Щит Персея. Личная тайна как предмет литературы - Ольга Поволоцкая
Шрифт:
Интервал:
Закладка:
В эпизоде беседы Пилата с Марком Крысобоем, разобранном нами выше, Булгаков очень осторожно обозначил некую гипотетическую возможность переворота в сознании «честного» палача, просто добросовестно исполняющего свои «служебные обязанности». Кажется очень важным, что источником нового опыта и нового знания о самом себе и о своем повелителе, стал для Марка Крысобоя именно прокуратор Понтий Пилат. Ему Марк подчиняется беспрекословно, служит ему преданно и истово, как пес Банга, ибо человеческое достоинство в системе координат античной культуры обусловлено именно таким поведением по отношению к тому, кому обязан жизнью. Слово Пилата, мнение Пилата изначально – и с человеческой и со служебной точки зрения – авторитетны для Марка, именно потому, что
Пилат – воплощенная власть. Поэтому Пилат – это единственный человек в мире, через которого могла прийти и к «черствому» изуродованному Крысобою благая весть, что человек добр.

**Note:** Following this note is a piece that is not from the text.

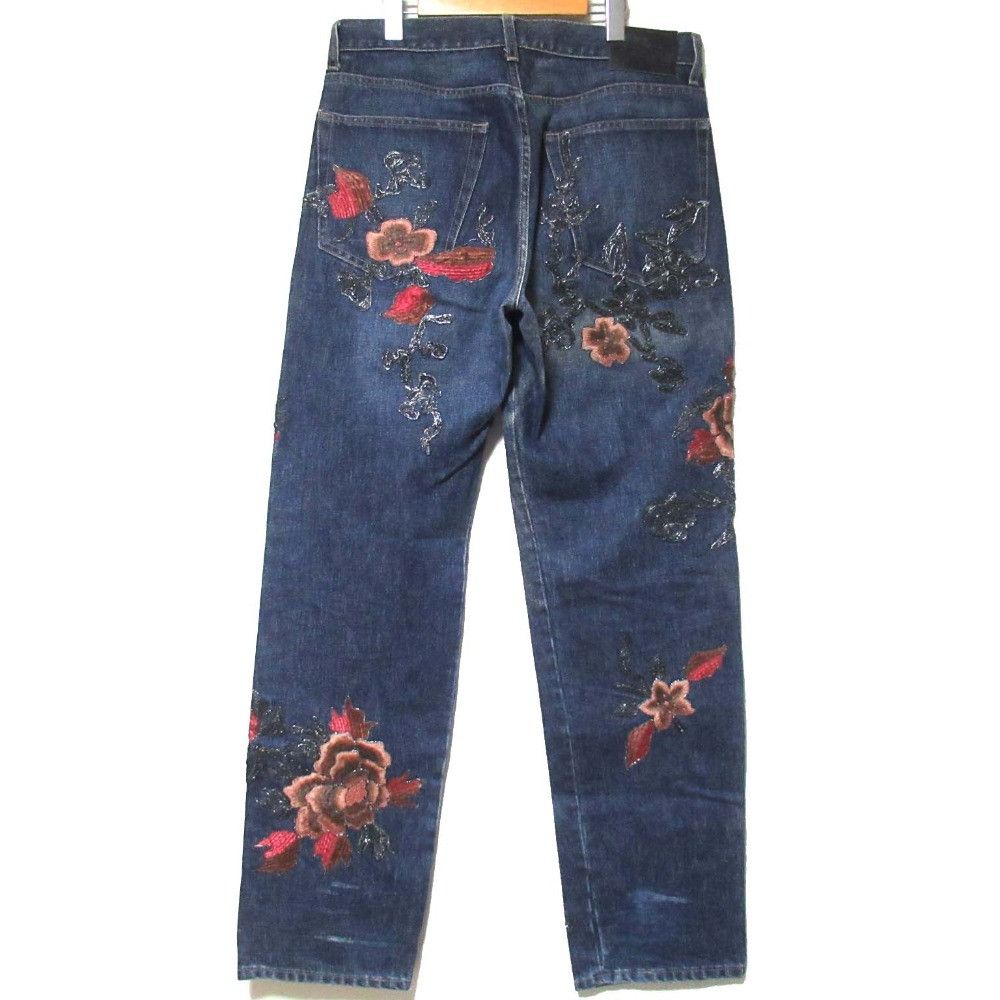 Gucci Gucci Gucci Flower Embroidery Denim Pants Textile Jeans DUTY FREE for USA Size ONE SIZE - 2 Thumbnail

Таким образом, весьма возможно, что в этом эпизоде мы имеем дело с микромоделью идеального государственного устройства, о котором как об утопии тосковал Михаил Булгаков. Это монархия, основанная на христианском понимании природы человека, где от самого властителя исходит к его подданным новое христианское отношение к человеку.

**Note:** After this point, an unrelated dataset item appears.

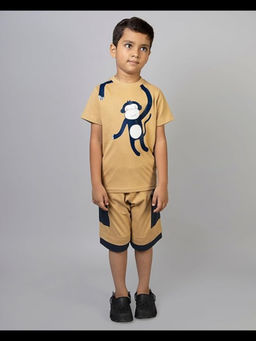 ZIP ZAP ZOOP - Beige Half Sleeve Hanging Monkey Printed T-Shirt & Shorts (Set of 2)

Диктаторская власть Воланда этой утопии никак не соответствует. Поэтому, если наша гипотеза верна и за маской дьявола скрыт диктатор, власть которого строилась на беспрецедентном по масштабам государственном терроре, то «Антихристова печать» («Антихристова печать тут – клеймо связи с государством, с тюремщиками, с насилием»[128]) ни в коем случае не ложится на Булгакова, а клеймом проступает на его персонажах из преисподней. И тогда целостное понимание замысла булгаковского романа, которое сформулировано К. Икрамовым так: «Понятно, что „Мастер и Маргарита“ – мечта слабого человека о справедливости, даже о справедливости любой ценой»[129], - обидно и несправедливо по отношению к Михаилу Булгакову.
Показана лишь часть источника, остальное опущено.